Moskova

Moskova

8 Temmuz 2021 Perşembe

Türkiye ve Rusya: Savaş ve barış


Fuad Safarov, Moskova

Kaynak: https://medyagunlugu.com/

 

Türk-Rus ilişkilerinin tarihinden bahsederken çoğunlukla herkesin aklına iki ülke arasında yıllarca süren savaşlar geliyor.  

Türk-Rus diplomatik ilişkilerinin resmi başlangıç tarihi 1497. Bu tarihten sonra, 1677 - 1918 yılları arasında Osmanlı ve Rusya imparatorlukları 13 defa savaştı. Türk-Rus savaşlarının kaba bir hesapla 50 yıllık bir süreci kapsadığını varsaysak bile kalan 470 yılı aşan dönemde ilişkilerde çeşitli olumlu gelişmelerin yaşandığını söylemek mümkün. 

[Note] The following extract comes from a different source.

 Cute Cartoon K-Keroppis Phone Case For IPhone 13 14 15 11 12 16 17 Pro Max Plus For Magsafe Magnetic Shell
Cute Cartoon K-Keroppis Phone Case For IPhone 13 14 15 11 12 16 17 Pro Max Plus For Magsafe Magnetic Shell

Öncelikle Osmanlı’dan çeşitli vesilelerle Rus çarlarına gönderilen hediyeler iyi ilişkilerin örneklerden biri. Kremlin Sarayı Müzesi'nde sergilenen bu hediyeler 16. ve 17. yüzyılda Osmanlı İmparatorluğu ve Moskova Çarlığı arasındaki dostluk ilişkilerini gösteriyor. Bu tarihlerde Rus çarları Osmanlı padişahları tarafından gönderilen çok sayıda hediye aldı. Hediyeler arasında altın silahlar, kılıçlar, zırhlar, altın takımları, kaftan kumaşlar gibi tarihi eşyalar da bulunuyor. 

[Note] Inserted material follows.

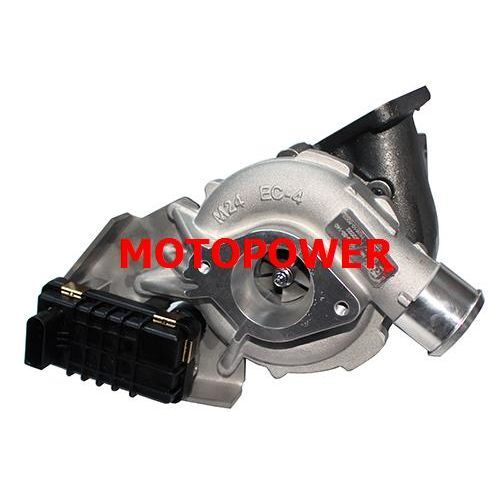 MOTOPOWER TURBO KOMPLE FORD TRANSİT V348 2.4 TDCİ 06>11 140PS JUMBO (6C1Q6K682EL)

Kremlin Sarayı Müzesi Genel Müdürü Yelena Gagarina da 2017 yılında Moskova'da Tsaritsino Müzesi'nde "Alev ve Şark Mutluluğu: 1760 - 1840'ların Rus Kültüründe Türk İzleri" konulu serginin açılış törenindeki konuşmasında, "Türkiye bizim için tarihte sadece savaş ve sürekli çatışma yeri olarak algılanmamalı. Türkiye aynı zamanda Rusya'da sevilen ve takdir edilen sihirli baharatlar, muhteşem kumaşlar, güzel kıymetli taşlar demek. Türkiye bizim için en yakın, en tanıdık ve en sevimli Doğu'dur" demişti. Bu sözlerin sahibi Gagarina aynı zamanda, uzaya ilk çıkan Sovyet kozmonot Yuri Gagarin'in kızı. 

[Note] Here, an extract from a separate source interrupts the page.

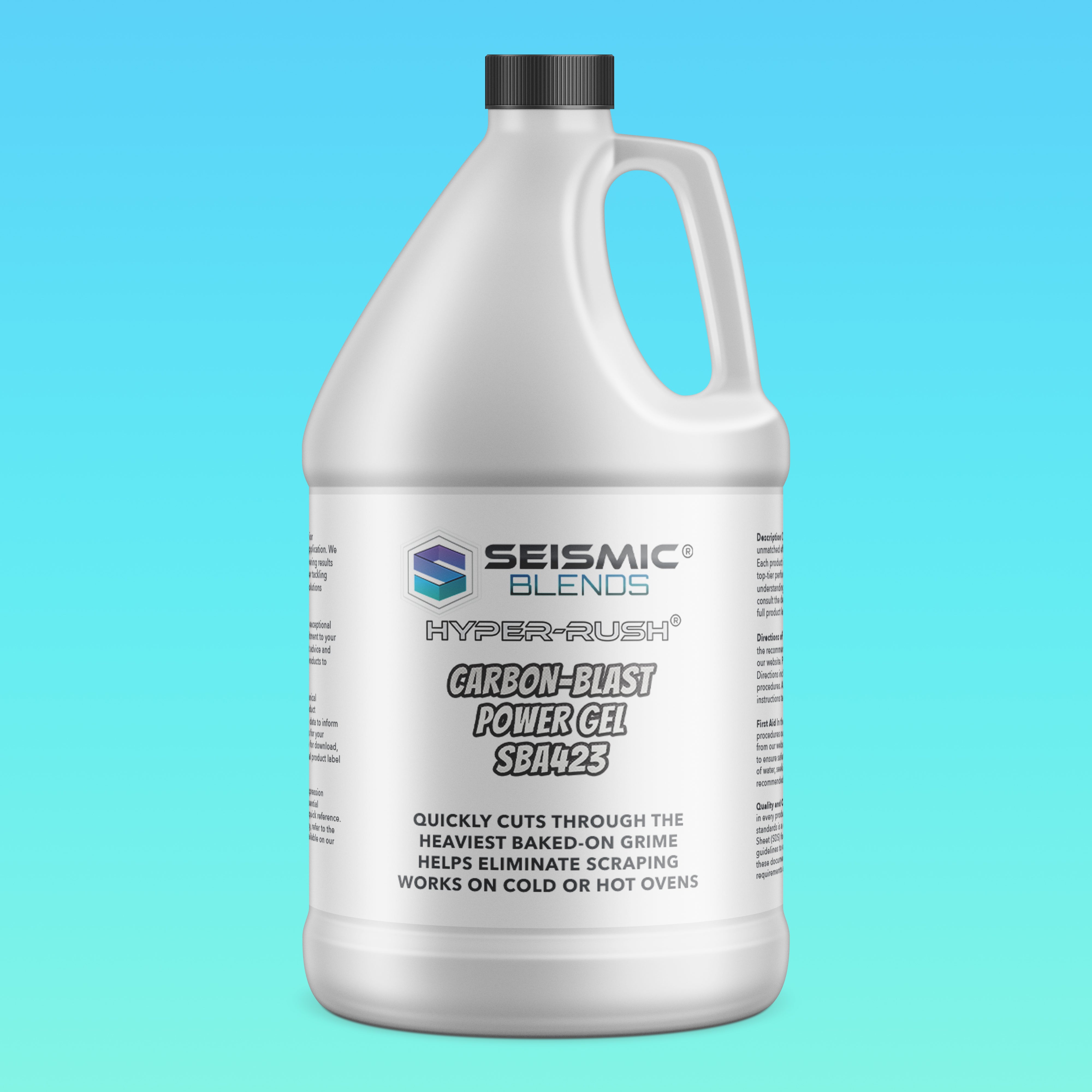 Hyper Rush Carbon-Blast Power Gel SBA423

Rus tarihçi, gazeteci-yazar Mihail Pılyayev de, kaleme aldığı 'Eski Moskova' adlı kitabında Rusya Çariçesi 2. Katerina ve Osmanlı Sultanı 1. Abdülhamid arasındaki dostluk ilişkilerini anlatıyor. Yazara göre, 1774 yılında Rusya ve Osmanlı İmparatorluğu arasında Küçük Kaynarca Antlaşması’nı imzalamasının ardından dönemin Türk elçisi Abdülkerim Efendi Moskova’da üst düzeyde ağırlandı. 2. Katerina Sultan 1. Abdülhamid’in altın, pırlantalardan oluşan çeşitli hediyelerinden çok memnun kaldı. Çariçe yabancılara yazdığı mektubunda Sultan’la olan samimi ilişkilerini için, “Birçokları kardeş gibi sevdiğim Abdülhamid ile olan dostluğumuzu kıskanıyor” dedi.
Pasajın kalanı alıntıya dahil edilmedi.